Teddy Katz, who researched events in the village of Tantura for a
masters degree, said he
had spoken to witnesses including soldiers who were present to
support his findings.
"It started at night and was over in a few hours," Katz said of the
attack
on May 15, 1948. "From
testimonies and information I got from Jewish and Arab witnesses
and from soldiers who
were there, at least 200 people from the village of Tantura were
killed
by Israeli troops...
"From the numbers, this is definitely one of the biggest massacres,"
he
told Reuters. Katz said
14 Israeli soldiers were killed in the ambush on the village. The
man
who led the assault was
quoted as saying the villagers' deaths were a consequence of war
and that reports of a
massacre were "just stories." Katz said the attack was mentioned in
only a handful of
Palestinian history books and in the Israeli army archives. Tantura,
near
Haifa in northern
Israel, had 1,500 residents at the time. It was later demolished to
make
way for a parking lot
for a nearby beach and the Nahsholim kibbutz, or cooperative farm.
Worse than Deir Yassin
Katz said the killing
spree in Tantura was more tragic and bigger than in the village of
Deir
Yassin just west of
Jerusalem, where more than 100 Palestinian civilians were massacred
on April 9, 1948, in an
assault by Jewish armed groups.
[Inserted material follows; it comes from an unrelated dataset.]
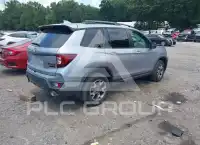 2022 Honda PASSPORT photo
Reports just after the Deir Yassin
killings spoke of some
240 deaths though Israeli and Palestinian historians now accept
that the number of
fatalities was probably no more than 120. Deir Yassin has long stood
as
the defining symbol of
what Palestinians call Al Nakba (The Great Catastrophe). They use
the term to refer to
their dispossession and exile when up to 700,000 Palestinians fled
from their towns and
villages or were driven out by Jewish troops in the conflict between
Arab and Jew that
surrounded Israel's creation. Fawzi Tanji, now 73 and a refugee at a
camp in the West Bank,
is from Tantura and worked until May 1948 as a guard for the army
in British Mandate
Palestine. He told Reuters he had watched as Israeli troops took
over
the village, lined men
up against a cemetery wall and shot them. Katz said 95 men were
killed at the cemetery.
"I was 21 years old then. They took a group of 10 men, lined
them up against the
cemetery wall and killed them. Then they brought another
group, killed them,
threw away the bodies and so on," Tanji said. "I was waiting for
my turn to die in cold
blood as I saw the men drop in front of me." Tanji said the
killing stopped when a
Jew from the nearby settlement of Zichron Yaacov arrived
at the scene, took out a
pistol and threatened to shoot himself unless the soldiers
stopped the executions.
Katz said other Palestinians were killed inside their homes
and in other parts of
the village. At one point, he said, soldiers shot at anything that
moved. Villagers
resisted with the few guns they had, but they were soon taken
over. The Israeli
newspaper Maariv, which reported Katz's findings on Wednesday,
quoted the commander of
the Tantura attack as saying his troops had no grounds
to ask questions or
spare lives.
"It was war...When you
see the enemy opposite you, he doesn't have a note saying
he doesn't mean to
shoot you. When you see him, you shoot him," retired colonel
Bentz Pridan said.
"That's how we went, from street to street, and that explains why
a lot of people were
killed," he told Maariv.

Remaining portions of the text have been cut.